Madama Butterfly
Drama en tres actos, compuesta por Giacomo Puccini (1858-1924), sobre un libreto de Giuseppe Giacosa y Luigi Illica, basado en la obra teatral del mismo nombre de David Belasco, que a su vez se basó en un relato de John L. Long. Su estreno fue en Milán el 17 de febrero de 1904
Personajes
| BUTTERFLY
(Cio-Cio-San) SUZUKI B.F. PINKERTON KATE SHARPLESS GORO YAMADORI BONZO COMISIONADO YAKUSIDÉ MADRE |
Joven Gheisa Japonesa Criada de Batterfly Teniente de la Marina de los EE.UU. Esposa de Pinkerton Cónsul de los EE.UU. en Nagasaki Casamentero Pretendiente de Butterfly Tío de Butterfly Delegado Imperial Tío de Butterfly Madre de Butterfly |
Soprano Mezzosoprano Tenor Mezzosoprano Barítono Tenor Barítono Bajo Barítono Bajo Mezzosoprano |
La acción se desarrolla en Nagasaki, Japón, a finales del siglo XIX
ACTO
I.- Al alzarse el
telón vemos una casita japonesa adquirida por PinKerton, un
teniente de la marina norteamericana, para pasar una breve
temporada de placer Al fondo se divisa la bahía de Nagasaki,
donde se hallan fondeados varios buques entre los que se halla la
nave americana a la que pertenece Pinkerton.
Éste ha sabido que en el Japón es cosa corriente organizar
matrimonios temporales para extranjeros, y ha contratado los
servicios de un agente matrimonial (con sus ribetes de alcahuete).
El obsequioso casamentero Goro está mostrando a Pinkerton la
casa que ha comprado para residir en ella después de su
matrimonio en Japón.

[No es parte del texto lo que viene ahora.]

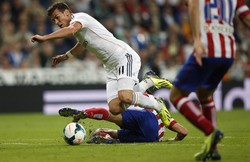 Ini adalah laga kandang pertama Gareth Bale di La Liga. Bermain setengah babak, pemainan termahal dunia itu harus menerima kenyataan pula bahwa timnya menelan kekalahan. REUTERS/Javier Barbancho.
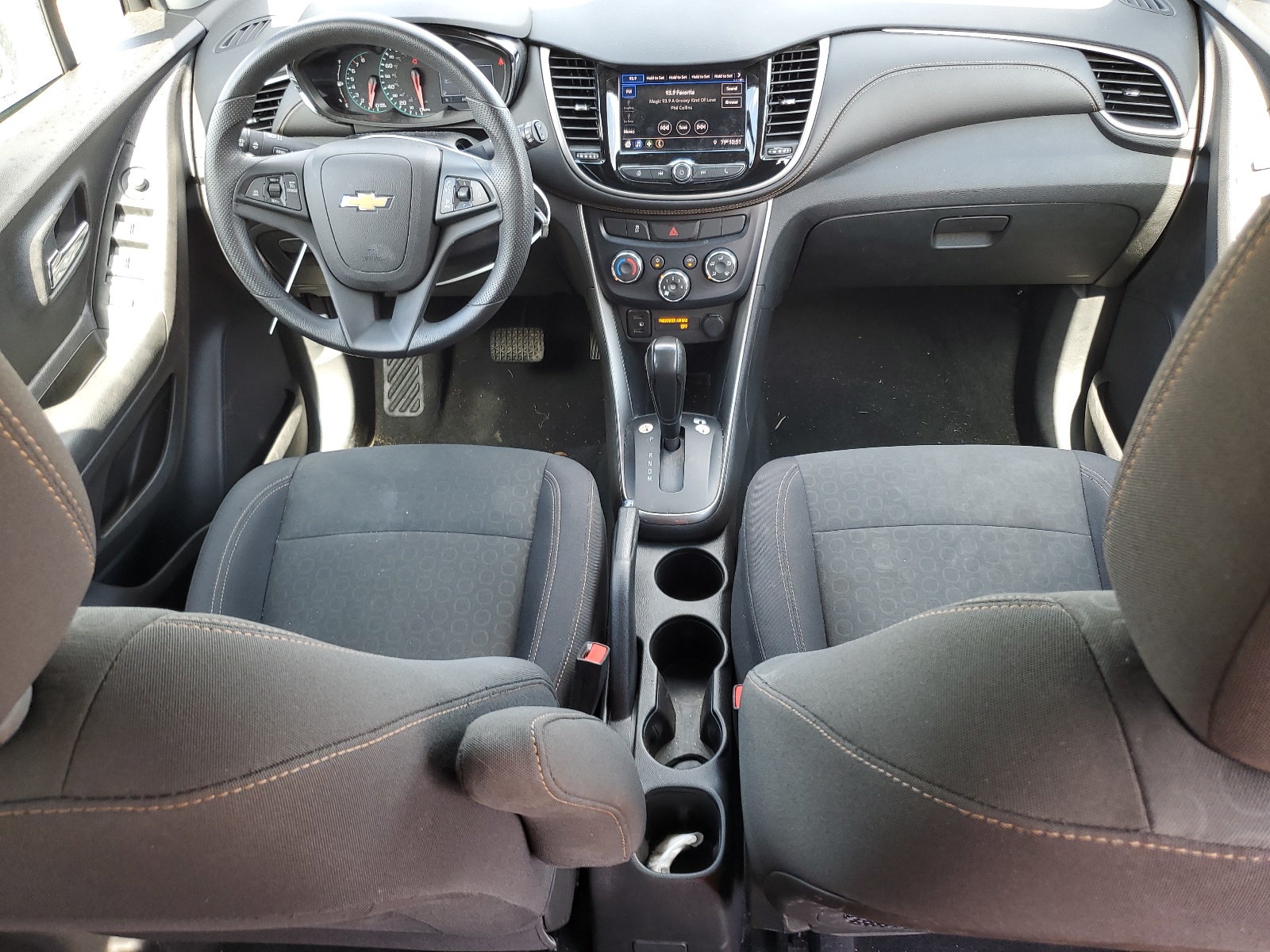 3GNCJKSB9LL333770 2020 Chevrolet Trax Ls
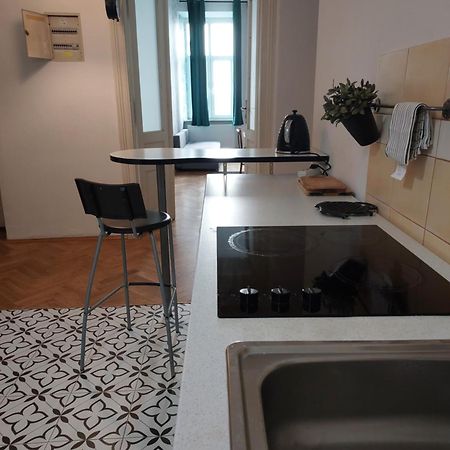 Apartment Mariacki Tower Krakau Buitenkant foto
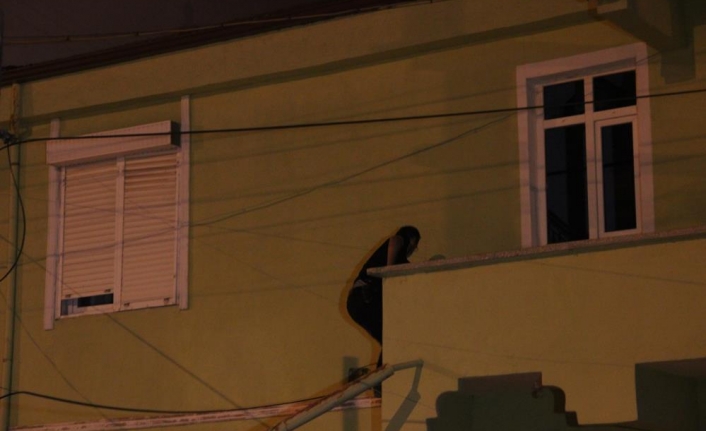 Karaman’da Polis Kaçan Şüphelileri Çatılarda Aradı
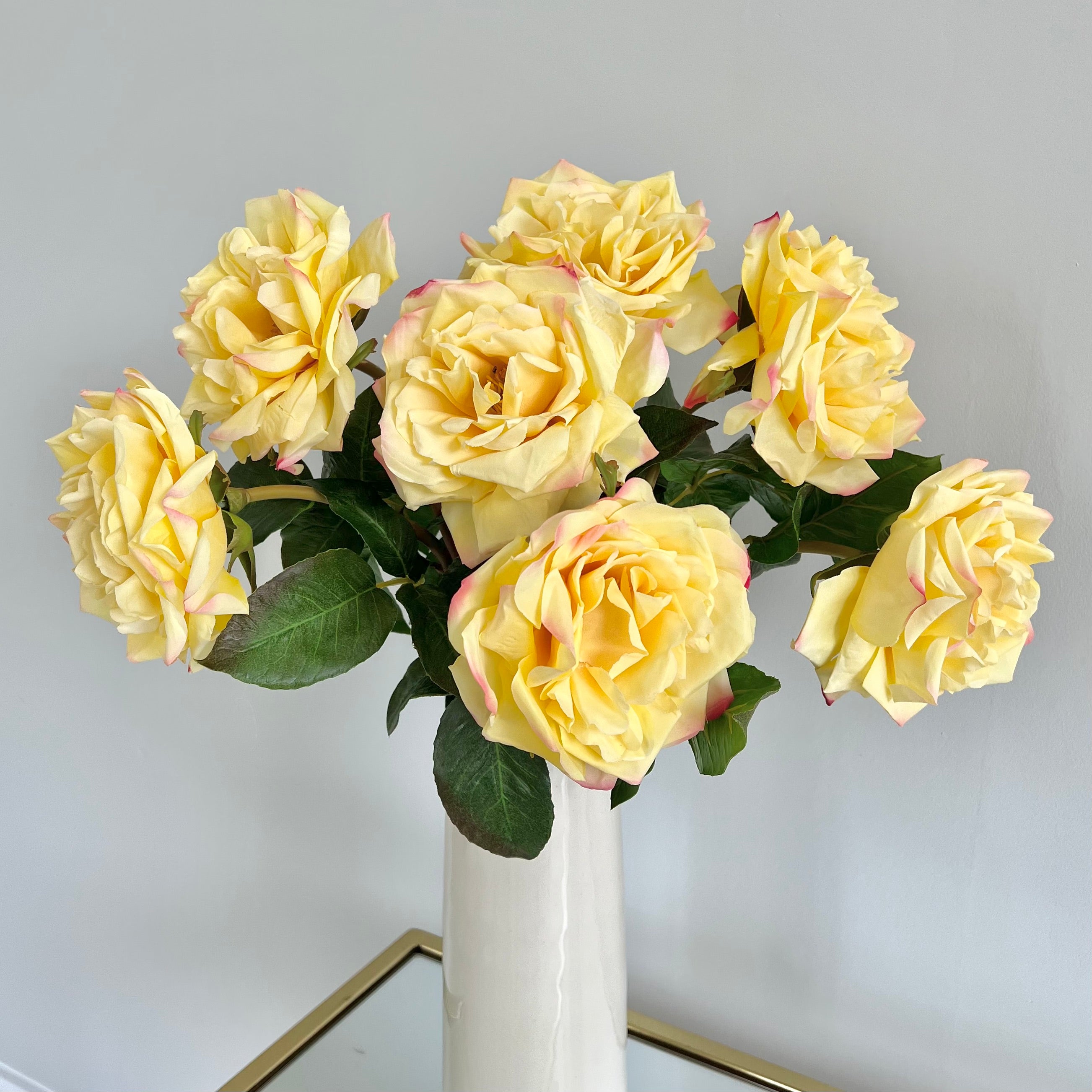Wholesale Artificial Flowers High Quality Faux Silk Flowers for Wholesale and Trade Artificial Yellow Garden Rose in bulk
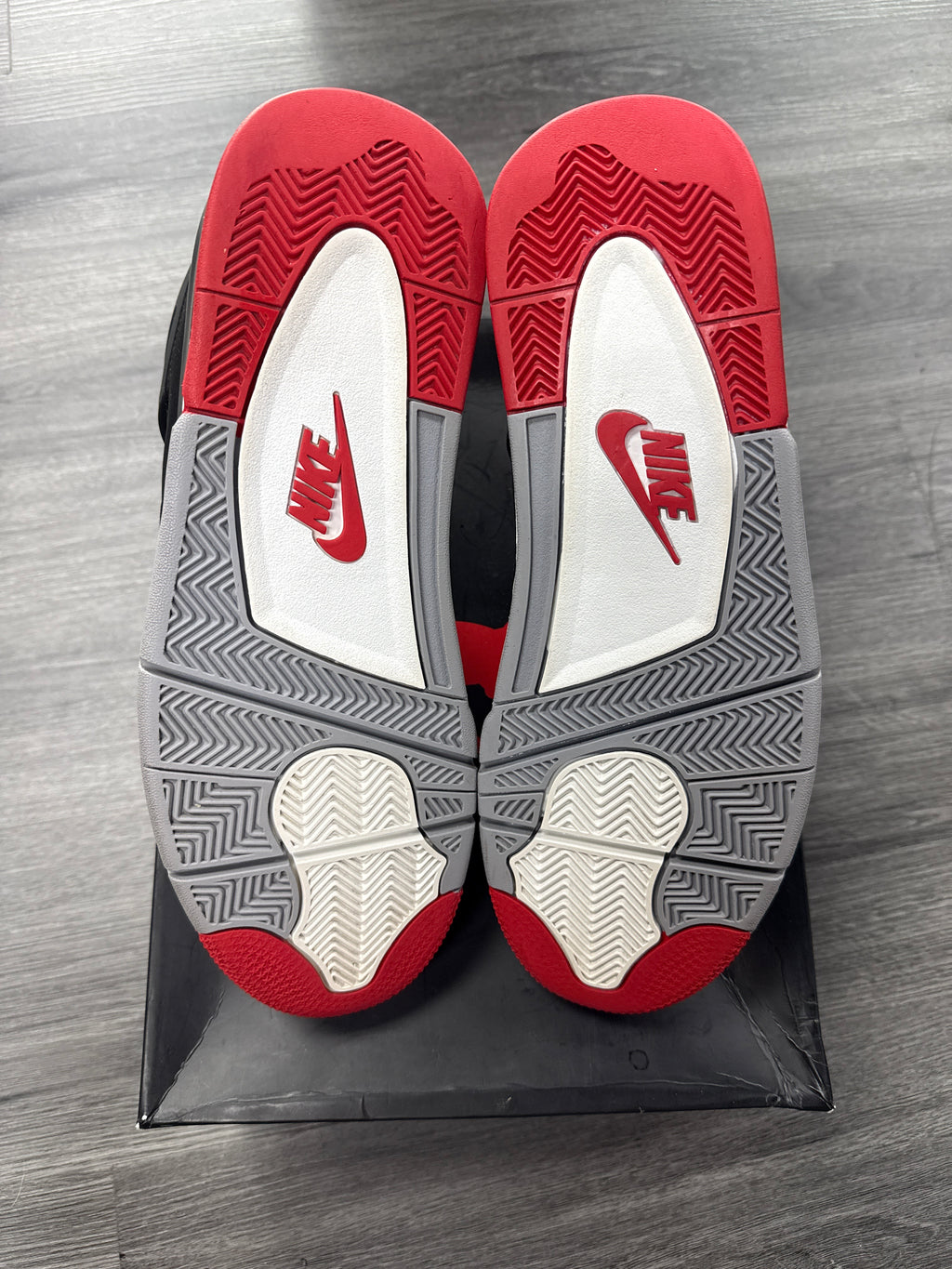 Jordan 4 Bred (2019) - size 13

Este agente le ha proporcionado una geisha
de calidad, aunque en situación económica penosa: Cio-Cio San,
conocida también como Madama Butterfly, hija de un noble
guerrero que tuvo que hacerse el hara kiri por orden del Mikado,
dejando a la familia en precaria situación.
Goro presenta a Pinkerton los tres criados japneses de la casa,
entre los que se halla Suzuki, la camarera personal de Madama
Butterfly. Suzuki, que saludan al marino. Se marchan y Goro
espera la llegada de Butterfly, la prometida de Pinkerton, la de
su familia y la de otros invitados a la boda.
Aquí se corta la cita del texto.